Читаем Литература как социальный институт: Сборник работ полностью

В постромантическом авангарде эта оппозиция приобретает вид противопоставления «классического» или «академического» (общего, правильного и безличного – любого хрестоматийного прошлого, традиции как таковой) «современному», понятию moderne

, которое в этом смысле, как метафора «открытой» авторской субъективности, вводится Ш. Бодлером[403]
. «Парадигмой современности» («модерности»), по выражению Х. Р. Яусса, становится «чистая», субъективная, медитативная лирика, систематически разрушающая жанровые и стилевые каноны классики (образцами неклассической манеры и вместе с тем проблемой и пробным камнем постклассической интерпретации выступают поэты «разорванного сознания» – «проклятые», Тракль, Бенн и экспрессионисты, ранний Элиот, Д. Томас или П. Целан). Можно, видимо, и вообще утверждать, что повышение значимости поэзии, ее «перевес» над прозой в тот или иной период Нового времени – это всякий раз признак далеко зашедшей автономизации словесного искусства от любых «внешних» инстанций, контекстов и систем значений, в том числе от иных типов словесности – документа, публицистики и др. (а вместе с тем – и именно потому – показатель предельной неклассичности, ненормативности, проблематичности значений «литературы»).
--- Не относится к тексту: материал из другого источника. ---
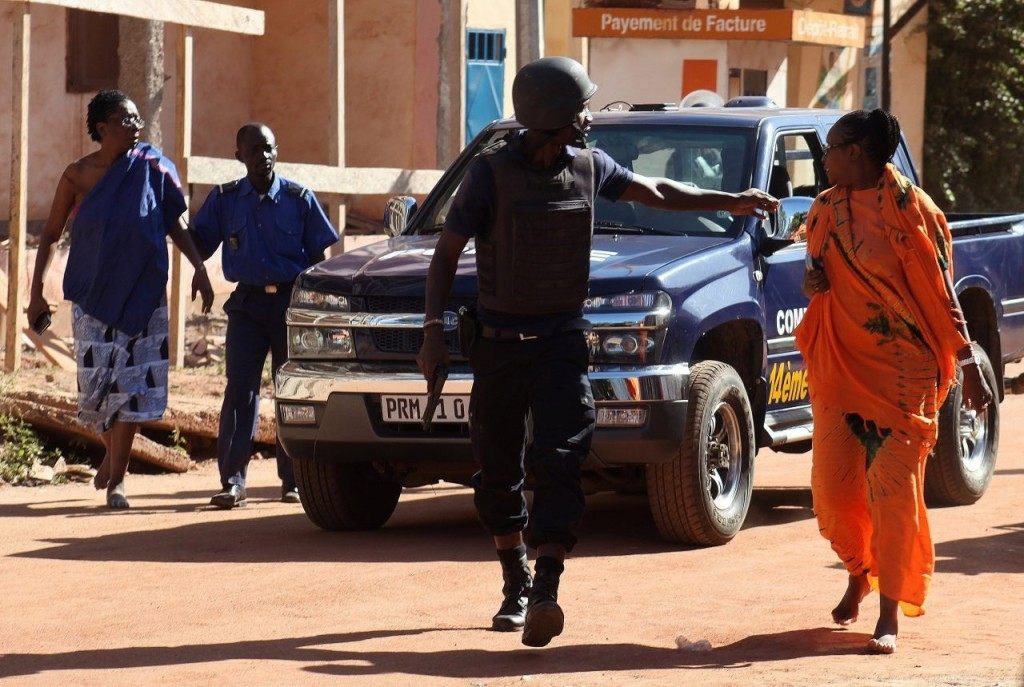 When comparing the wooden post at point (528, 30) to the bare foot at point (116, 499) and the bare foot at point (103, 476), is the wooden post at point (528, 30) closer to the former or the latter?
the bare foot at point (103, 476)

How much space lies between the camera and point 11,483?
10.3 m

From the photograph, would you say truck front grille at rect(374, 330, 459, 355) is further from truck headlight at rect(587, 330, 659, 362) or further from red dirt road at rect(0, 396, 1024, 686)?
red dirt road at rect(0, 396, 1024, 686)

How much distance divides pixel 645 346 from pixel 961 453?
2.51m

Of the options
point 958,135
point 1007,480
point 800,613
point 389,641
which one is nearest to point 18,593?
point 389,641

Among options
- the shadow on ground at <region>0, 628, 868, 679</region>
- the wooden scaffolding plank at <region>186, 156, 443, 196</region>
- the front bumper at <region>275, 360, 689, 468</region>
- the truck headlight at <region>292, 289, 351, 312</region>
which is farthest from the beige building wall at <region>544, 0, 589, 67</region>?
the shadow on ground at <region>0, 628, 868, 679</region>

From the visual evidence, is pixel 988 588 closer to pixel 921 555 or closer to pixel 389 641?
pixel 921 555

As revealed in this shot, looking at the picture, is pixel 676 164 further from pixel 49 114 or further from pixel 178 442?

В трансформациях семантики «классического» можно видеть этапы последовательного конструирования универсальной культурной традиции. Эта традиция складывается в процессах выработки писателями, литературной критикой, а позднее литературоведением, историей и теорией литературы собственной культурной идентичности. Через отсылку к «прошлому» как «высокому» и «образцовому» устанавливаются пространственно-временные границы истории, культуры и собственно литературы в их конечности и даже окончательности как целого, упорядоченного тем самым в своем единстве и поступательном, преемственном «развитии». Классическая словесность выступает основой ориентации для возникающей как самостоятельная сфера литературы, для ищущего социальной независимости и культурной авторитетности писателя, делается мерилом его собственной продукции, источником тем, правил построения текста, норм его восприятия, интерпретации и оценки. Тем самым формирование и усвоение идеи «классики» фактически является первым имманентным, «внутренним» механизмом интеграции автономизирующейся литературной культуры, а стало быть, и самостоятельной социальной системы, института литературы в его «внутренней» сложности и связности, общественной значимости и «внешней» культурной влиятельности.
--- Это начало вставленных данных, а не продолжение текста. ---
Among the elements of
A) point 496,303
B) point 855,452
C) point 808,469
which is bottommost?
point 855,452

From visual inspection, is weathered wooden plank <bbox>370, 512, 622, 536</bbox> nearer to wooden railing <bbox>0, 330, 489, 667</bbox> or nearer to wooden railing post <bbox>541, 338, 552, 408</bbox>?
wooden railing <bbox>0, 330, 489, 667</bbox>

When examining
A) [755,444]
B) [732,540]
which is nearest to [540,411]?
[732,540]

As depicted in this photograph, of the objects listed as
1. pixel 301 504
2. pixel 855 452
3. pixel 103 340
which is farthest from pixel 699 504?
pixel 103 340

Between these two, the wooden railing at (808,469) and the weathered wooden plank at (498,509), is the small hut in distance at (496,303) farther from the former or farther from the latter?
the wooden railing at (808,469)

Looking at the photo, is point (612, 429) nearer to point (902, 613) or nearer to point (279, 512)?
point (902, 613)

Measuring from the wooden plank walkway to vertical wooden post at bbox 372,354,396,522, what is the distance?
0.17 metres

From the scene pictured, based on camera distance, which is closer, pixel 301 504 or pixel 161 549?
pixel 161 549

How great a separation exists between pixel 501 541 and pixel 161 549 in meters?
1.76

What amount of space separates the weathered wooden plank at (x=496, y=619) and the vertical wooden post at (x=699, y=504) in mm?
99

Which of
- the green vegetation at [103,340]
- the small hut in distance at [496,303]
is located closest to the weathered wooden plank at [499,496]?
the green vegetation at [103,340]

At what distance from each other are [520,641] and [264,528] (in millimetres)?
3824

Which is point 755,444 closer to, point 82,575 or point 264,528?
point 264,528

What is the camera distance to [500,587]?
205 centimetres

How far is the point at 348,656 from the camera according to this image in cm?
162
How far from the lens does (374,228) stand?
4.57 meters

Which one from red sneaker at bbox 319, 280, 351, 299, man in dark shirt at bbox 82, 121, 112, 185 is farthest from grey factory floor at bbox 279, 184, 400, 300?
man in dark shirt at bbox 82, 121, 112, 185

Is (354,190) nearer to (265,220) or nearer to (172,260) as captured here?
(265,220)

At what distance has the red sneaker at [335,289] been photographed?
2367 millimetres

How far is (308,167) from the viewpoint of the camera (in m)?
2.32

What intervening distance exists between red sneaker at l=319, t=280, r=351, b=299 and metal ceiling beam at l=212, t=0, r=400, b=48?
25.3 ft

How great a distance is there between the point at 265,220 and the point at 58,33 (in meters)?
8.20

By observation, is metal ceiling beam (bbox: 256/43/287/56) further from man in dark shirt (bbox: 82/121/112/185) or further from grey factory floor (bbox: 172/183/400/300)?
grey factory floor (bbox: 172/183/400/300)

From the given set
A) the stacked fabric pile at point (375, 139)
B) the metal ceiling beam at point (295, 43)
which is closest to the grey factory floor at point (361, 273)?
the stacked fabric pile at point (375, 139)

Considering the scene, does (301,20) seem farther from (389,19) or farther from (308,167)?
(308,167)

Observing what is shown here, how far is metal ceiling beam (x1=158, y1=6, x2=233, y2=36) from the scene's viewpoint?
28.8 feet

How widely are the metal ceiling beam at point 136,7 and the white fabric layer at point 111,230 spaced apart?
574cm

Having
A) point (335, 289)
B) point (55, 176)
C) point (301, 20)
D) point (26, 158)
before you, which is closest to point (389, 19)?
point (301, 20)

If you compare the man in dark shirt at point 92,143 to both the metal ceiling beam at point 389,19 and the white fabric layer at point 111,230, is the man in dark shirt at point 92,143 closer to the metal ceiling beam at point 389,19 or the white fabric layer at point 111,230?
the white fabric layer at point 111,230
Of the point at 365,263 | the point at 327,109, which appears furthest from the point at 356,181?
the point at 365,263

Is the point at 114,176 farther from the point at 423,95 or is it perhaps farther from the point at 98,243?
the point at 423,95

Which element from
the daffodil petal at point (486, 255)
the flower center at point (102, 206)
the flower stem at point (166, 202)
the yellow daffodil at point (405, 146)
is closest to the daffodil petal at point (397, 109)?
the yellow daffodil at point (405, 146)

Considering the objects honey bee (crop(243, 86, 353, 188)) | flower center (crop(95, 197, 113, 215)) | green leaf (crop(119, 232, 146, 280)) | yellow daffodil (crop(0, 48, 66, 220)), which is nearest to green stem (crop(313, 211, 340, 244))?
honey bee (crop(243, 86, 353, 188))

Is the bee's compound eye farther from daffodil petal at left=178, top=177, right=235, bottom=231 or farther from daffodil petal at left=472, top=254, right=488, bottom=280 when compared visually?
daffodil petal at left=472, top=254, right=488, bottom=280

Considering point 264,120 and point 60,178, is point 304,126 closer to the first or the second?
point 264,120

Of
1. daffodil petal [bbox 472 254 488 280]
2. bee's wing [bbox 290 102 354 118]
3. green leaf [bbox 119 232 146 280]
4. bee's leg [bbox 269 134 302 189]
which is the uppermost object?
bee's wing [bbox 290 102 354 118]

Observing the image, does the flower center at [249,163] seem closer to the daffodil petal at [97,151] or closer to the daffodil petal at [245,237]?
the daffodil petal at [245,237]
Разумеется, эффективность подобного традиционализирующего механизма самообоснования писательской роли и интеграции литературы сохраняется лишь в пределах нормативно регулируемой литературной культуры, в более консервативных культурных группах. Дольше всего аксиоматическая авторитетность классики удерживается, как легко понять, в системах литературной социализации – школе. Собственно, и сама секулярная литературоцентристская школа в ее претензиях на роль единственного института, способного в универсальной, письменно-печатной форме представлять и воспроизводить все общество в разнообразии его укладов и групп, ценностей и традиций, существует и пользуется влиянием лишь в данных социальных и хронологических пределах. За их границами значительную роль ее функций принимают на себя в Новейшее время другие институты и механизмы – группы сверстников, молодежная субкультура, «улица» и «двор», но особенно массмедиа, а среди них – рок-музыка.

Однако и в школе (а может быть, прежде всего именно здесь) классика лишается характера живой традиции. Даже для письменно-образованных носителей литературной культуры значимость сохраняют лишь предельно обобщенные и абстрактные характеристики «классичности». Это своего рода «культурные формы», которые могут использоваться при литературной коммуникации в разных обстоятельствах и целях – при анализе литературы и необходимости обобщить свои наблюдения и выводы, в ходе литературной полемики или экспансии групповых определений литературного.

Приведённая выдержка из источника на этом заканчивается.